Transcript - Neurosurgical Procedures for Global Tone Management

Hi, I'm Debbie Song. I'm a pediatric neurosurgeon at Gillette Children's Specialty Healthcare. Today, I'm going to be giving an overview of some of the neurosurgical interventions that can be done to address global tone in patients with cerebral palsy. Some of the common neurosurgical procedures that are done for patients with cerebral palsy include shunt surgery to treat hydrocephalus, intrathecal baclofen pump surgery for tone control, selective dorsal rhizotomy for global tone management as well, deep brain stimulation for treatment of dystonia, and also, ventral dorsal rhizototomy for treatment of hypertonia in terms of both spasticity and dystonia.
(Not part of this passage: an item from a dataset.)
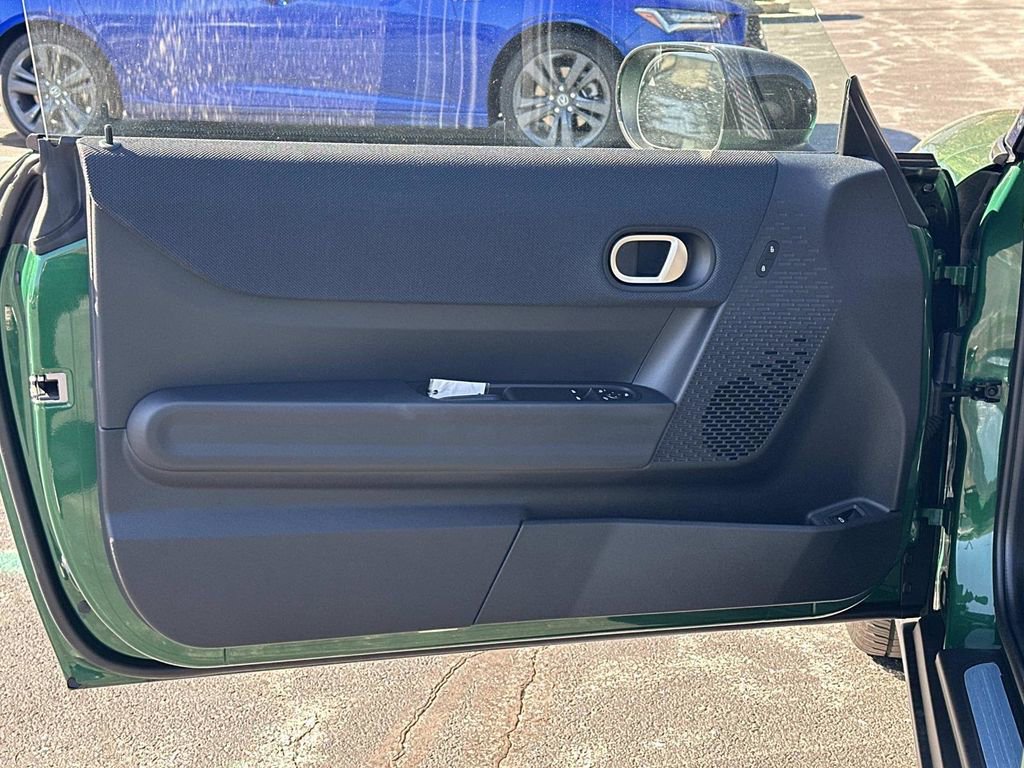 Certified 2025 MINI Cooper S image 21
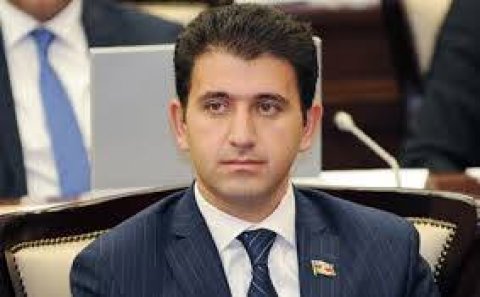 Naqif Həmzəyevi isə “gördüm” deyən tapılmır-Gəncəlilər deputatını axtarır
Selective dorsal rhizotomy, or SDR, is a neurosurgical operation that can permanently reduce muscle tone and eliminate spasticity in the lower extremities in select patients with cerebral palsy. Patients that we think of as being ideal candidates are typically patients who are born early. Oftentimes, those patients will have certain findings on their MRIs of the brain, so-called periventricular leukomalacia, which represents a little bit of volume loss in certain areas of the brain. The patients should have multi-level lower extremity spasticity, meaning spasticity or high muscle tone in multiple muscle groups in their lower extremities that's affecting their gait. It's also important that the patients have underlying strength. After a rhizotomy, we want them to be moving in a different pattern from where they were before surgery, and so usually the ideal candidate is someone who is between the ages of four and eight. There's a lot of post-operative therapy and rehab that goes in after selective dorsal rhizotomy, so they have to be able to cooperate with the therapies because it is a very intensive process.

Intrathecal baclofen pump is a device that delivers baclofen, which is a medication that can be used to treat spasticity into the spinal sac directly and continuously. It is most commonly used in patients with cerebral palsy that have hypertonia or high muscle tone in both their arms and their legs, so have some element of quadriplegic cerebral palsy. Usually they're not ambulatory and they can have both spasticity and dystonia. One of the advantages is that it's a fairly straightforward procedure. Surgery itself takes about an hour to do. The pump can be turned up and it can be turned down. It can even be turned off. If the effects of the pump are not ideal, then the pump can even be removed in certain circumstances.